The areas where the provider should make improvement are:

  • Review significant incident management; including how to ensure that incidents are correctly identified, analysed and recorded.

  • Review how patients with caring responsibilities are identified and recorded on the clinical system to ensure information, advice and support is made available to them.

  • Consider developing a training policy that details the training required for each role and the training intervals. Ensure that all staff complete mandatory training, including information governance, and consider providing basic life support training for all staff (not just clinical staff) annually.

  • Consider ways to improve the management of patients with diabetes, to improve antibiotic prescribing and the uptake of childhood immunisations.

  • Review arrangements for taking consent for surgical procedures to ensure that patients are fully informed and that the decision is fully documented.

  • Consider mechanisms to ensure that actions agreed at clinical meetings are carried out.

  • Review the chaperone policy and ensure that this is consistent with information provided to patients.

  • Implement a consistent failsafe system to ensure that patients who have been referred to hospital for urgent tests receive a timely appointment.

Professor Steve Field CBE FRCP FFPH FRCGP 

Chief Inspector of General Practice

4th September 2014 - During an inspection to make sure that the improvements required had been made pdf icon

We carried out this inspection to ensure that the provider had completed the required improvements and addressed the areas of non-compliance found at our inspection on the 07 February 2014.

At the inspection on the 04 September 2014 we found that the provider had made the required improvements to ensure they were meeting this essential standard.

We did not speak with patients during this inspection.

7th February 2014 - During a routine inspection pdf icon

We found that people were treated with dignity and respect and that individual needs were met in relation to their care and treatment. Most people we spoke with told us they were happy with the care and treatment they received when visiting the practice.

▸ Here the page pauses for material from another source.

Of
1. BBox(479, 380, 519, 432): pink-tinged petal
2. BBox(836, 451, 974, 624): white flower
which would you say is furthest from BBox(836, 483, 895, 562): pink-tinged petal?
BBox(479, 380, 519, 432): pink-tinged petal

We saw that systems were in place to promote safe practice and continuity of care. Records we viewed detailed patients medical history, treatment and referrals made to a health care specialist.The provider did not always protect people using the service from the risk of infection, beause they did not follow their practice policy or local guidance rearding infection control processes.

Medicines were not always, stored, monitored, checked or disposed of appropriately.

There were effective recruitment processes in place and appropriate checks were undertaken before staff began work. There were systems in place to monitor the quality of the service. The service listened to the views of people using the service to make the necessary improvements, for example updating the practice website regularly. The practice had a process and policy for making a complaint. The practice handled and managed complaints appropriately.